* [Given data]:
---+---

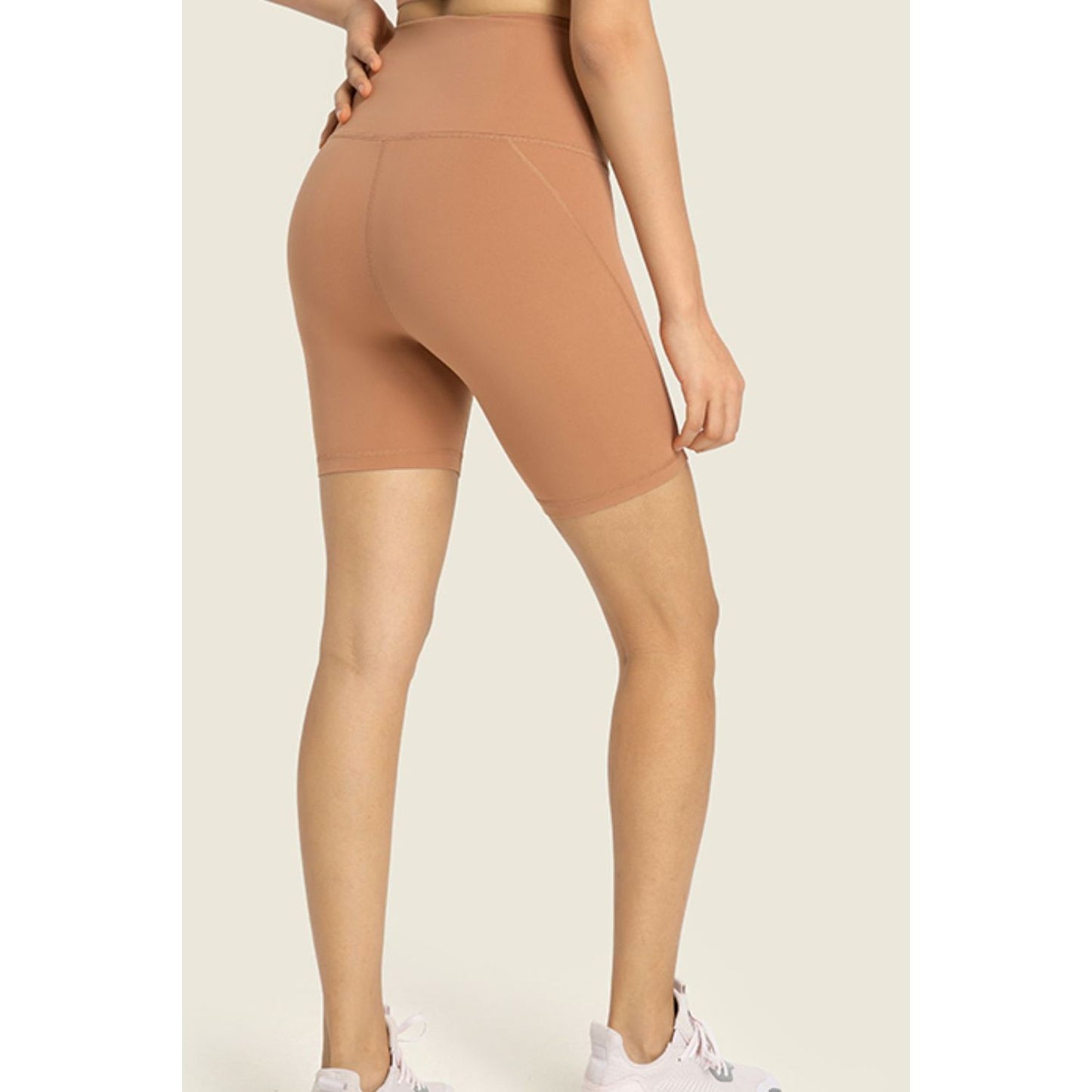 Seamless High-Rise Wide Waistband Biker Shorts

---+---

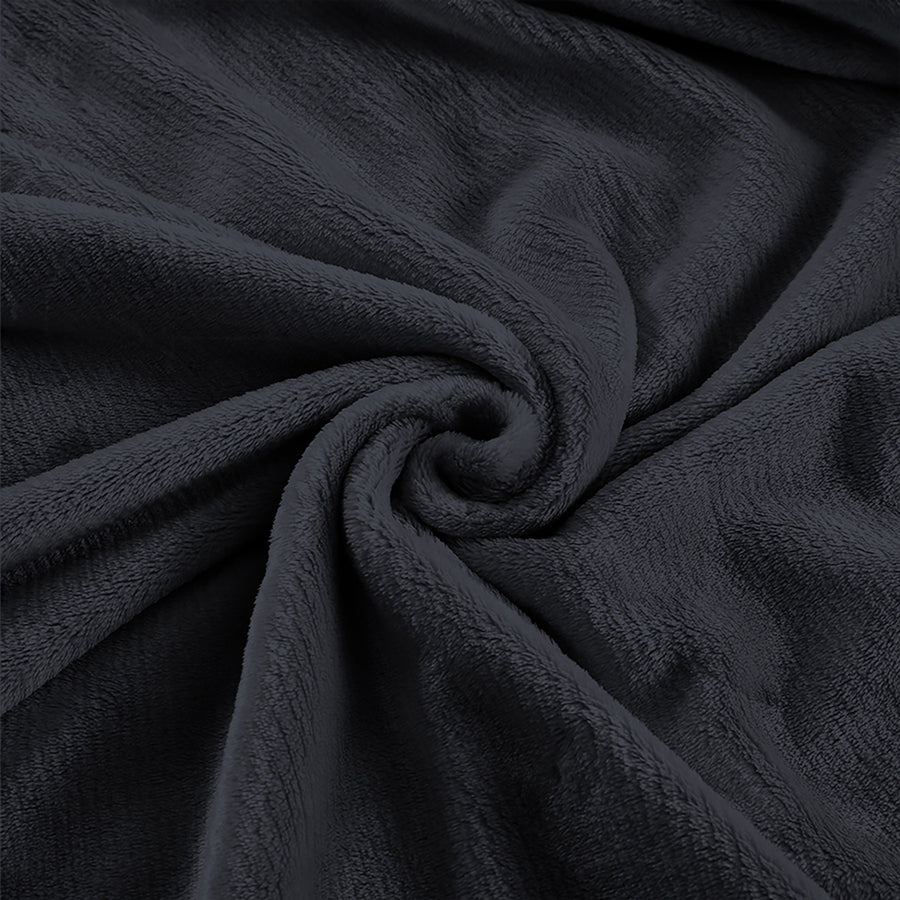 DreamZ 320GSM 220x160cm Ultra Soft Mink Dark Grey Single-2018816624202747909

---+---

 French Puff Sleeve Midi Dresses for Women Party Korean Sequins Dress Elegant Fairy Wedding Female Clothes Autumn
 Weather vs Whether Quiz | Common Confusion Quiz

---+---

* [What the task requires]: Copy only this part of the entries above: the line with "French Puff Sleeve", the line with "Weather vs Whether", and the lines between, all exactly as written.

* [Response]:
 French Puff Sleeve Midi Dresses for Women Party Korean Sequins Dress Elegant Fairy Wedding Female Clothes Autumn
 Weather vs Whether Quiz | Common Confusion Quiz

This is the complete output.